<meta http-equiv="refresh" content="1; url=/nojavascript/"> The z-Score and the Central Limit Theorem | CK-12 Foundation
You are reading an older version of this FlexBook® textbook: CK-12 Probability and Statistics - Advanced (Second Edition) Go to the latest version.

# 7.2: The z-Score and the Central Limit Theorem

Difficulty Level: At Grade Created by: CK-12

## Learning Objectives

• Understand the Central Limit Theorem and calculate a sampling distribution using the mean and standard deviation of a normally distributed random variable.
• Understand the relationship between the Central Limit Theorem and the normal approximation of a sampling distribution.

## Introduction

In the previous lesson, you learned that sampling is an important tool for determining the characteristics of a population. Although the parameters of the population (mean, standard deviation, etc.) were unknown, random sampling was used to yield reliable estimates of these values. The estimates were plotted on graphs to provide a visual representation of the distribution of the sample means for various sample sizes. It is now time to define some properties of a sampling distribution of sample means and to examine what we can conclude about the entire population based on these properties.

### Central Limit Theorem

The Central Limit Theorem is a very important theorem in statistics. It basically confirms what might be an intuitive truth to you: that as you increase the sample size for a random variable, the distribution of the sample means better approximates a normal distribution.

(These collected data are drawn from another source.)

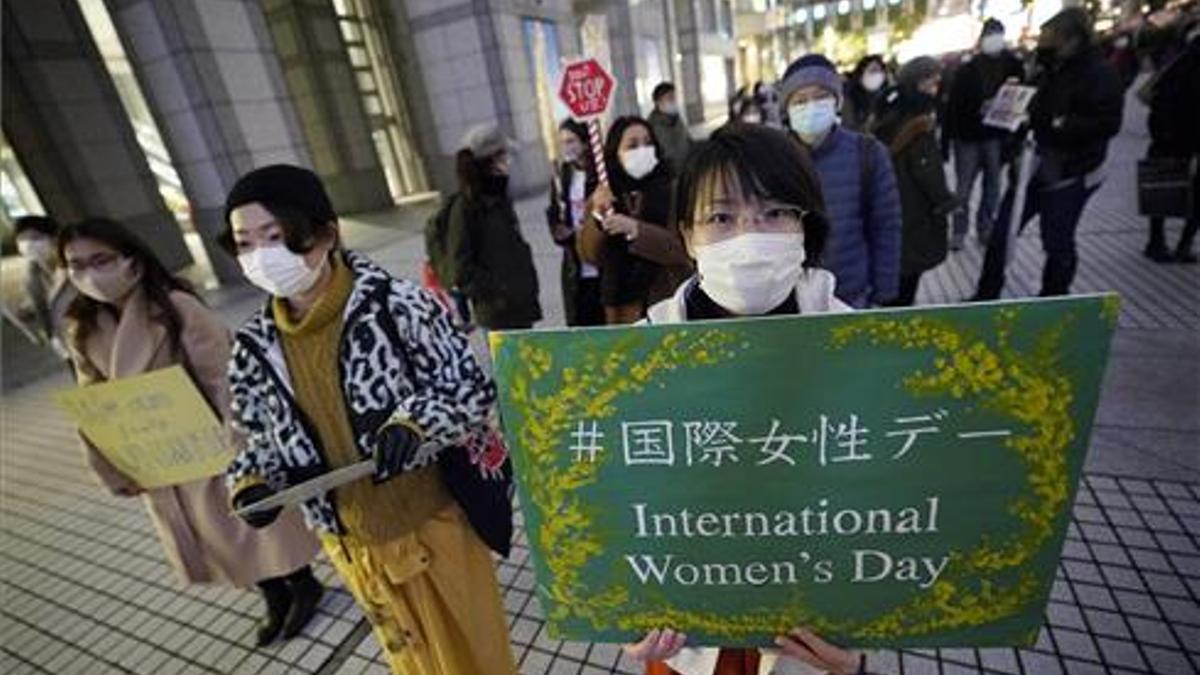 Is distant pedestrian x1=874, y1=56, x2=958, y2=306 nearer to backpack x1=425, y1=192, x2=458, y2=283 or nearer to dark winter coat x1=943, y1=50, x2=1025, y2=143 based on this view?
dark winter coat x1=943, y1=50, x2=1025, y2=143

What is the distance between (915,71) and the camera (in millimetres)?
4531

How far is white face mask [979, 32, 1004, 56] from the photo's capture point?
5.29 m

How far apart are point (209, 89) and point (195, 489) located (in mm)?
8352

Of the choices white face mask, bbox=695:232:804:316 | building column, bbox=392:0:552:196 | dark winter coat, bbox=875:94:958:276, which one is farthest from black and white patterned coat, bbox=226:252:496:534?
building column, bbox=392:0:552:196

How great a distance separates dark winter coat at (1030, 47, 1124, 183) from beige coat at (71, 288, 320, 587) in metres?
4.69

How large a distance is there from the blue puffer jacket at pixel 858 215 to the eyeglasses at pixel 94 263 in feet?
8.94

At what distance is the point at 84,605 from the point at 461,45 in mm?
11413

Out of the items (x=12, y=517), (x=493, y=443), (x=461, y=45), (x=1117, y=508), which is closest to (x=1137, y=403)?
(x=1117, y=508)

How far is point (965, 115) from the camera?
5582 millimetres

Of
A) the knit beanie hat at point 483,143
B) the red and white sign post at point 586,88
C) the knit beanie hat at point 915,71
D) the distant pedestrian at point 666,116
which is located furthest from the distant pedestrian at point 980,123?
the knit beanie hat at point 483,143

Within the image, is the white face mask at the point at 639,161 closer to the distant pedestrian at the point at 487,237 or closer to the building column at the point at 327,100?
the distant pedestrian at the point at 487,237

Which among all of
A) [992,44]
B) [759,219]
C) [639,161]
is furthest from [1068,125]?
[759,219]

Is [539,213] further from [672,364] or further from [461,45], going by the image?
[672,364]

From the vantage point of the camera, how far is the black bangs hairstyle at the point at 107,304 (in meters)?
2.19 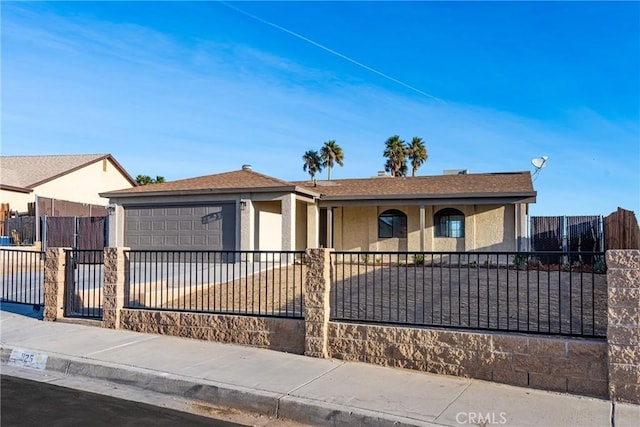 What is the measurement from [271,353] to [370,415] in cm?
258

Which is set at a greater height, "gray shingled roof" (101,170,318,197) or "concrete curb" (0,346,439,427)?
"gray shingled roof" (101,170,318,197)

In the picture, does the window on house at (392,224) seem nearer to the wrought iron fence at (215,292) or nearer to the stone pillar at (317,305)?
the wrought iron fence at (215,292)

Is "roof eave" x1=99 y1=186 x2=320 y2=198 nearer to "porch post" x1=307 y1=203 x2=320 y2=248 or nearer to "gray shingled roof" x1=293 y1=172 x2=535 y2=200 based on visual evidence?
"porch post" x1=307 y1=203 x2=320 y2=248

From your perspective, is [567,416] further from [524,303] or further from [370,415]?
[524,303]

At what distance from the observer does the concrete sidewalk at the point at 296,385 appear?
5.06 metres

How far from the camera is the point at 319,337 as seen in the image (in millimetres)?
7051

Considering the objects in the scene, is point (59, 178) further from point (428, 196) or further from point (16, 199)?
point (428, 196)

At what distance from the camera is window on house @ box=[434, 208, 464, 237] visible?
21719mm

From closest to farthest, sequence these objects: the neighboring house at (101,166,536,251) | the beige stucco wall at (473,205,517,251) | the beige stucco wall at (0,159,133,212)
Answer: the neighboring house at (101,166,536,251)
the beige stucco wall at (473,205,517,251)
the beige stucco wall at (0,159,133,212)

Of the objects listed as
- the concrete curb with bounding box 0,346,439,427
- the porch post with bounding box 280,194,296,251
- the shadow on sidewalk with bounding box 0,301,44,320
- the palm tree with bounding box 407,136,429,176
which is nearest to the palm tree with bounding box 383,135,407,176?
the palm tree with bounding box 407,136,429,176

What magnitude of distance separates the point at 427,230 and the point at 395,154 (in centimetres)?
2061

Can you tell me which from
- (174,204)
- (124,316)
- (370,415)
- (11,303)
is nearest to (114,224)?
(174,204)

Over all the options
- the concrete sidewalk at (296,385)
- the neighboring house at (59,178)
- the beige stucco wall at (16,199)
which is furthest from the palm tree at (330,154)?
the concrete sidewalk at (296,385)

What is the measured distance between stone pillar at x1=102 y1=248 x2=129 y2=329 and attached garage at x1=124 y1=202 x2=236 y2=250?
9.83 meters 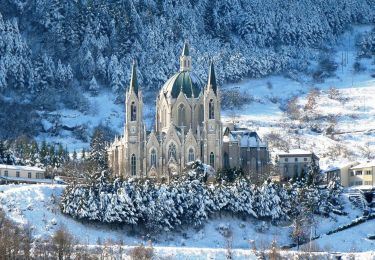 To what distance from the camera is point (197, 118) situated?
511ft

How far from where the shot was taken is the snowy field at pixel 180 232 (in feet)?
391

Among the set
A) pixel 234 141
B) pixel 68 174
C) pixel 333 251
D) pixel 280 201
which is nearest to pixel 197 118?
pixel 234 141

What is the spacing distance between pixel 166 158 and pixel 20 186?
25.6 meters

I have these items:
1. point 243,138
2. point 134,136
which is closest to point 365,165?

Before going any further, you should become familiar with (or reacquaint yourself with) the symbols that are commonly used when dealing with properties of the sampling distribution of sample means. These symbols are shown in the table below:

Population Parameter Sample Statistic Sampling Distribution
Mean $\mu$ $\bar{x}$ $\mu_{\bar{x}}$
Standard Deviation $\sigma$ $s$ $S_{\bar{x}}$ or $\sigma_{\bar{x}}$
Size $N$ $n$

As the sample size, $n$, increases, the resulting sampling distribution would approach a normal distribution with the same mean as the population and with $\sigma_{\bar{x}} = \frac{\sigma}{\sqrt{n}}$. The notation $\sigma_{\bar{x}}$ reminds you that this is the standard deviation of the distribution of sample means and not the standard deviation of a single observation.

The Central Limit Theorem states the following:

If samples of size $n$ are drawn at random from any population with a finite mean and standard deviation, then the sampling distribution of the sample means, $\bar{x}$, approximates a normal distribution as $n$ increases.

The mean of this sampling distribution approximates the population mean, and the standard deviation of this sampling distribution approximates the standard deviation of the population divided by the square root of the sample size: $\mu_{\bar{x}}=\mu$ and $\sigma_{\bar{x}} = \frac{\sigma}{\sqrt{n}}$.

These properties of the sampling distribution of sample means can be applied to determining probabilities. If the sample size is sufficiently large $(>30)$, the sampling distribution of sample means can be assumed to be approximately normal, even if the population is not normally distributed.

Example: Suppose you wanted to answer the question, “What is the probability that a random sample of 20 families in Canada will have an average of 1.5 pets or fewer?” where the mean of the population is 0.8 and the standard deviation of the population is 1.2.

For the sampling distribution, $\mu_{\bar{x}}=\mu=0.8$ and $\sigma_{\bar{x}} = \frac{\sigma}{\sqrt{n}} = \frac{1.2}{\sqrt{20}} = 0.268$.

Using technology, a sketch of this problem is as follows:

The shaded area shows the probability that the sample mean is less than 1.5.

The $z$-score for the value 1.5 is $z = \frac{\bar{x}-\mu_{\bar{x}}}{\sigma_{\bar{x}}} = \frac{1.5-0.8}{0.27} \approx 2.6$.

As shown above, the area under the standard normal curve to the left of 1.5 (a $z$-score of 2.6) is approximately 0.9937. This value can also be determined by using a graphing calculator as follows:

Therefore, the probability that the sample mean will be below 1.5 is 0.9937. In other words, with a random sample of 20 families, it is almost definite that the average number of pets per family will be less than 1.5.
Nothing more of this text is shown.